Derslerinin son iki saatini dışarıda geçireceklerini ve bu zaman aralığında istediğim de gelebileceğimi söylemişti.
Ben dışarıya adımımı atıp kapıyı kapatacakken annem "Nergis bekle" de bağırmıştı.Birkaç saniye içerisinde elinde bir saklama kabı ile kapıya geldi. "Bunu da götür"
Saklama kabını alarak kapağını açtım. Su böreği..."Adam buraya gayet fit bir şekilde geldi. Siz buradan 20 kilo almış halde göndereceksiniz. Hayır yani ayıp olmasın diye de yiyor olabilir"
"Fit?" dedi annem. "Gittim ben" diyerek kapının önünden ayrıldım.
Okulun bahçesinden içeriye girdiğimde karşılaşmayı beklemediğim bir manzara vardı.
"Öğretmenim siz hiç yanmıyorsunuz ama?"
"E vuramıyorsunuz"
Anıl hoca çocuklarla birlikte yakartop oynuyordu. Bu durumu kıskanmıştım. Çünkü çocukların oyun arkadaşı hep bendim. Her türlü oyunlarına girip kendimce eğlenip onları bazen sinir etsemde bendim. Ve şuan yerimi başka biri doldurmuştu.
Gömleğinin ilk üç düğmesini açmış, kollarını dirseklerine kadar katlamıştı. Ve anlına düşen saçları ile öğretmen havasından kurtulmuştu.
Çocuklar artık onu vurmak için topu tüm güçleriyle atsa da o da yalandan vurulmak gibi bir şey yapmıyor ve gerçekten oynayarak toptan kaçıyordu.
"Nergis Abla" dedi aralarından Selim. Herkesin gözü kapının önünde onları izleyen beni bulduğunda gülümsedim.

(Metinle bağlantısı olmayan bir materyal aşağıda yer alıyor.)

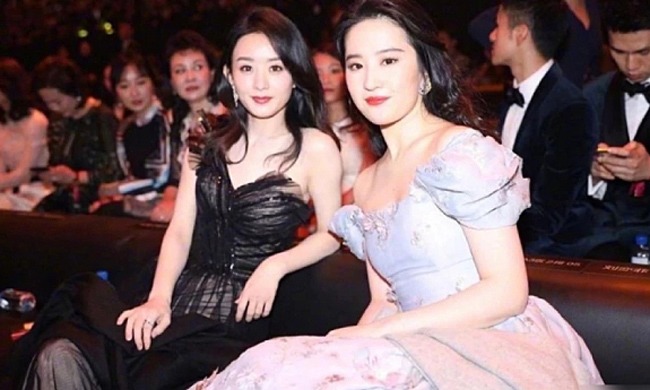 Lưu Diệc Phi chính thức lấy lại phong độ vóc dáng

"Nergis Abla bize yardım et lüttfen" dedi Sude. Elinde ki topuda çoktan bana doğru atmıştı. Topu yakaladığımda başımı salladım. Çantamı koyacak yer ararken duvarın üzerine koyulmuş ceketi fark ettim. Muhtemelen Anıl hocanındı. Hemen yanına çantamı koyduğumda Sude'nin yanına geçmiştim.
"Hocam kusura bakmayın ama hiç şansınız yok" dediğimde gülmüştü. "Buyrun görelim"
Ortaya geçtiğinde derin bir nefes aldım. Rüzgar yüzünden yüzüme gelen birkaç saç telimi de kulağımın arkasına sıkıştırdıktan sonra topu ona doğru atmıştım.
ŞİMDİ OKUDUĞUN
Nefha
Teen Fiction"Günlerdir hatta haftalardır bunu düşünüyorum. Nasıl söyleyeceğimi bilemiyorum" dediğinde dolan gözlerimi saklamak için başımı öne eğdim. Ayrılık konuşmasını duymak istemiyordum. "Anladım" dedim sözünü keserek. Gözleri tekrar beni bulduğunda kaşlar...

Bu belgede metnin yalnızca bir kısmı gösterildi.